In [1]:
import matplotlib.pyplot as plt
import numpy as np
import pandas as pd
import seaborn as sns
from sklearn.linear_model import LinearRegression
%config InlineBackend.figure_format = "retina"
%matplotlib notebook

# References
- https://scikit-learn.org/stable/modules/generated/sklearn.linear_model.LinearRegression.html

# Data

In [2]:
df = sns.load_dataset("tips")
df

Unnamed: 0,total_bill,tip,sex,smoker,day,time,size
0,16.99,1.01,Female,No,Sun,Dinner,2
1,10.34,1.66,Male,No,Sun,Dinner,3
2,21.01,3.50,Male,No,Sun,Dinner,3
3,23.68,3.31,Male,No,Sun,Dinner,2
4,24.59,3.61,Female,No,Sun,Dinner,4
...,...,...,...,...,...,...,...
239,29.03,5.92,Male,No,Sat,Dinner,3
240,27.18,2.00,Female,Yes,Sat,Dinner,2
241,22.67,2.00,Male,Yes,Sat,Dinner,2
242,17.82,1.75,Male,No,Sat,Dinner,2


In [3]:
def plot_data():
    fig = plt.figure()
    ax = fig.add_subplot(projection="3d")
    ax.scatter("total_bill", "size", "tip", data=df)
    ax.set(xlabel="total_bill", ylabel="size", zlabel="tip")

In [4]:
plot_data()

<IPython.core.display.Javascript object>

# Using linear regression to make predictions

Linear regression predictor: $h(\mathbf{x}) = \mathbf{w}^T\mathbf{x}$ where $\mathbf{w}$ is the weight vector and $\mathbf{x}$ is a feature vector.

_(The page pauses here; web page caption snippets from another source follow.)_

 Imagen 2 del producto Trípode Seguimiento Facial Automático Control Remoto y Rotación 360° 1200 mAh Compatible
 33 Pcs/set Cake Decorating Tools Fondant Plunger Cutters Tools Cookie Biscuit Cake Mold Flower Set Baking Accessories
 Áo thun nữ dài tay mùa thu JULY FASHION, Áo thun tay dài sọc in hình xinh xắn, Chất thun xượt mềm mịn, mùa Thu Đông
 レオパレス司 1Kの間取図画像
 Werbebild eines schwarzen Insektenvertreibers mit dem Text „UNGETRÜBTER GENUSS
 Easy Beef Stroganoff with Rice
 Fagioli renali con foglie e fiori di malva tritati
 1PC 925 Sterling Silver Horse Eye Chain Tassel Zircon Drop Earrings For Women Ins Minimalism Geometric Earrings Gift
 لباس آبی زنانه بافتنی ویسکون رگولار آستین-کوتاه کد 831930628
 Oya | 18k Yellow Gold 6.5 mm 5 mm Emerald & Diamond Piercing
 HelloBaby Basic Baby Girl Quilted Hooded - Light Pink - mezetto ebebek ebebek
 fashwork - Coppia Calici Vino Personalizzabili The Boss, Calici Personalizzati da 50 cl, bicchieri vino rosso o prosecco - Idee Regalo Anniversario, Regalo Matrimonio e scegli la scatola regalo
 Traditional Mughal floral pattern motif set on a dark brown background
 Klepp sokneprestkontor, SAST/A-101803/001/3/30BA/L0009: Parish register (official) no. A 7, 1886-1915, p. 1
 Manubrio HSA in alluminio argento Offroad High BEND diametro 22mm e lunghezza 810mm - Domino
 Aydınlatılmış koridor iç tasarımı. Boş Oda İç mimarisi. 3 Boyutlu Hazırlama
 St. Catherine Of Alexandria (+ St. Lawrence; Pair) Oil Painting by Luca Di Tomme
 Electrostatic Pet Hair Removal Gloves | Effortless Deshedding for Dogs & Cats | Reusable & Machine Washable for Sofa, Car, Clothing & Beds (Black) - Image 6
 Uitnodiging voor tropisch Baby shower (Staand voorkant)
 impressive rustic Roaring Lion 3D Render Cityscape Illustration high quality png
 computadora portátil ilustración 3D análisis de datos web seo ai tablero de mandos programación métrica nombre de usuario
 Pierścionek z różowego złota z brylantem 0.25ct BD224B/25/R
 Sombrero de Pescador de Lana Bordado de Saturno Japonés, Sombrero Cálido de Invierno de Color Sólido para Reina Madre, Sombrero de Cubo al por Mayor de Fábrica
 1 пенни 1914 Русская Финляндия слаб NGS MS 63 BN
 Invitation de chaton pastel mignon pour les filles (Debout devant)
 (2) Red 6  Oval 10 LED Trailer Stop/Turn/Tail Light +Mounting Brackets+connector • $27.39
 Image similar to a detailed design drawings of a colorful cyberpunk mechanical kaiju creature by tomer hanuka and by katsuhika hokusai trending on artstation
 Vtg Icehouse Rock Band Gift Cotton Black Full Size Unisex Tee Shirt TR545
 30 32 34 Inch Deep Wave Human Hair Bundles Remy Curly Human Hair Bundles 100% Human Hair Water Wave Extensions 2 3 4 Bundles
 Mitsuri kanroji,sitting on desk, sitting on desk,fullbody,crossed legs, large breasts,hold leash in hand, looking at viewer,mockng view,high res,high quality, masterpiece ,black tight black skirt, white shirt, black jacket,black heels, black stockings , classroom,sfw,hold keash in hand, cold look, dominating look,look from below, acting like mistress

Let's use scikit-learn to fit a weight vector from the data to predict `tip` using the features `total_bill` and `size`.

In [5]:
w_star = LinearRegression(fit_intercept=False).fit(df[["total_bill", "size"]], df["tip"]).coef_
print(f"weight vector = [{w_star[0]:.2f}, {w_star[1]:.2f}]")
print("feature vector = [total_bill, size]")
print(f"tip = {w_star[0]:.2f} * total_bill + {w_star[1]:.2f} * size")

weight vector = [0.10, 0.36]
feature vector = [total_bill, size]
tip = 0.10 * total_bill + 0.36 * size


In [6]:
def plot_hyperplane():
    fig = plt.figure()
    ax = fig.add_subplot(projection="3d")
    ax.scatter("total_bill", "size", "tip", data=df)
    ax.set(xlabel="total_bill", ylabel="size", zlabel="tip")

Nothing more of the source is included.